*What this task involves*
Emit the data below verbatim, stripping out any pictures.

----- Extracted data

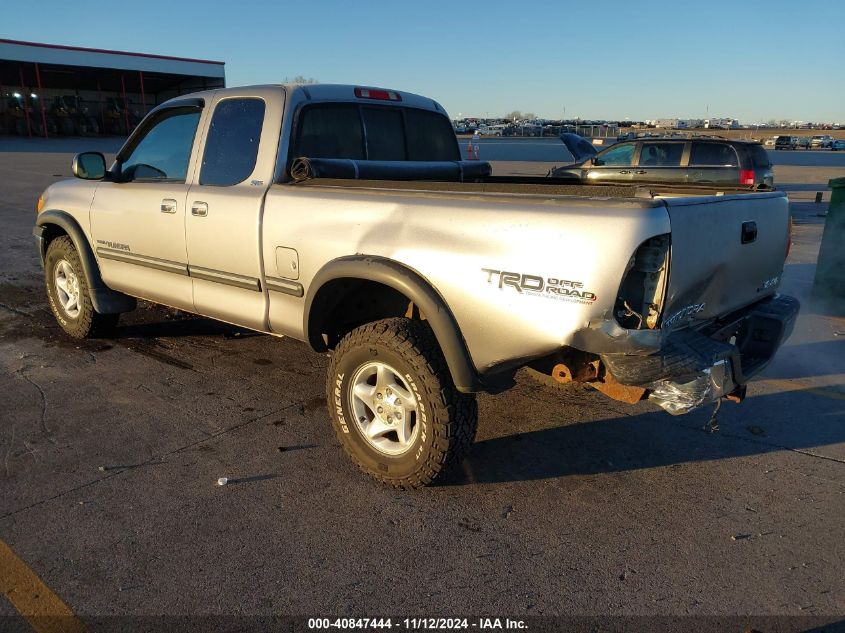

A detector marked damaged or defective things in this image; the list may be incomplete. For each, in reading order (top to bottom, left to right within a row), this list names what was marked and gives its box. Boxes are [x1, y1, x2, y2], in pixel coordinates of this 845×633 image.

damaged rear bumper [600, 296, 796, 414]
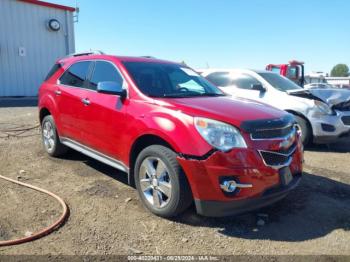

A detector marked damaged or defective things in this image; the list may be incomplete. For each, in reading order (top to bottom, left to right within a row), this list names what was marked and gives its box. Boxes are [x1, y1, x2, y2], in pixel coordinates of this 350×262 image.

damaged red suv [37, 51, 302, 217]
damaged white car [200, 68, 350, 144]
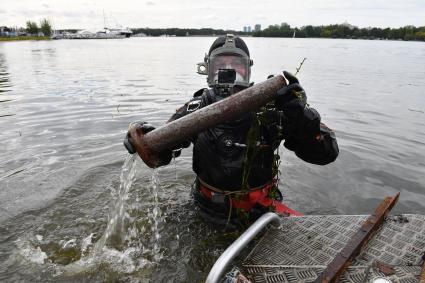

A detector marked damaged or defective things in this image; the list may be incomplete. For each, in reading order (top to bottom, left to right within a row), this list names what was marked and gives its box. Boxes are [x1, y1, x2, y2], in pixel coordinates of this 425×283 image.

corroded metal pipe [126, 75, 284, 169]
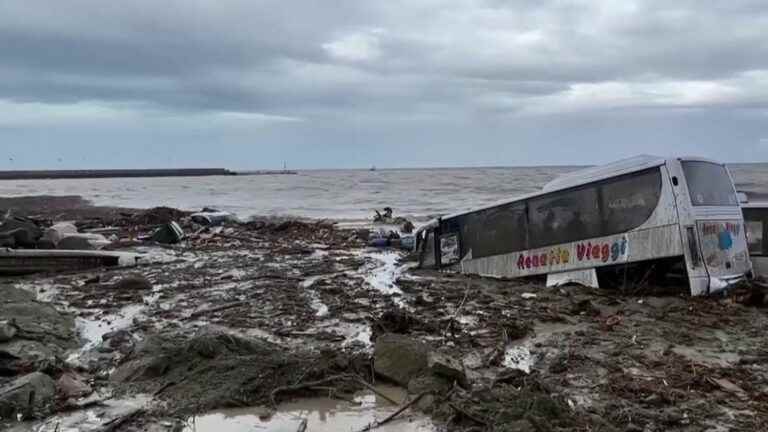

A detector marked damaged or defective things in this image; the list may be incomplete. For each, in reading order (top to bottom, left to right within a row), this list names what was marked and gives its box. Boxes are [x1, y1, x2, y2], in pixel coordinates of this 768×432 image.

destroyed vehicle [414, 155, 752, 296]
overturned bus [416, 154, 752, 296]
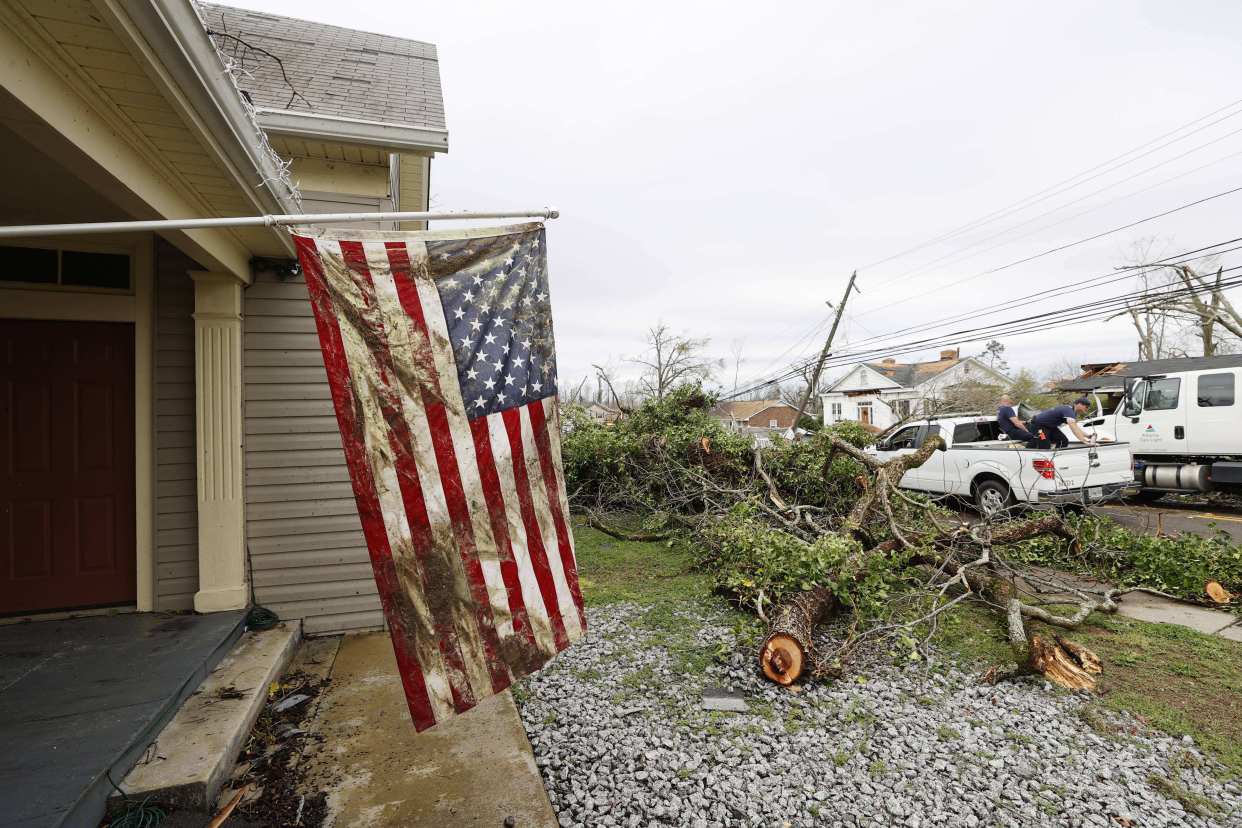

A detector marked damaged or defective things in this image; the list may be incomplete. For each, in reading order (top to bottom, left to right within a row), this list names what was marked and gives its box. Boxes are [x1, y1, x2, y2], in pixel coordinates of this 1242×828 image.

----------

*Output for this exercise*
A detector marked damaged or defective things in this image; the list may be incomplete. For each, in reading order (top to bottom, left to right within a row), this list names what was marked and gives its box. Boxes are [x1, y1, x2, y2], in pixel coordinates of this 845×633 image.

damaged rear bumper [600, 296, 796, 414]

A detector marked damaged or defective things in this image; the list may be incomplete. For each, in reading order (top to bottom, left to right within a row), this list names what was marked and gives its box. Boxes are [x1, y1, x2, y2], in pixel coordinates of this 350×262 image.

damaged red suv [37, 51, 302, 217]
damaged white car [200, 68, 350, 144]

A detector marked damaged or defective things in this image; the list may be incomplete. For each, in reading order (top to bottom, left to right within a row), this list names what was marked and gives its box. Boxes are [x1, y1, x2, y2], in pixel coordinates of this 425×283 image.

corroded metal pipe [126, 75, 284, 169]

A detector marked damaged or defective things in this image; the list may be incomplete. For each, in reading order (top to bottom, left to right within a row), this list names what was marked and gives its box. Boxes are [x1, y1, x2, y2], in pixel coordinates of this 768×432 image.

destroyed vehicle [414, 155, 752, 296]
overturned bus [416, 154, 752, 296]

A detector marked damaged or defective things in this image; the list may be incomplete. For each, in reading order (top to bottom, left to right within a row), this list names what was marked and gives its box. Boxes are [x1, y1, x2, y2], in pixel coordinates of this 1242×828 image.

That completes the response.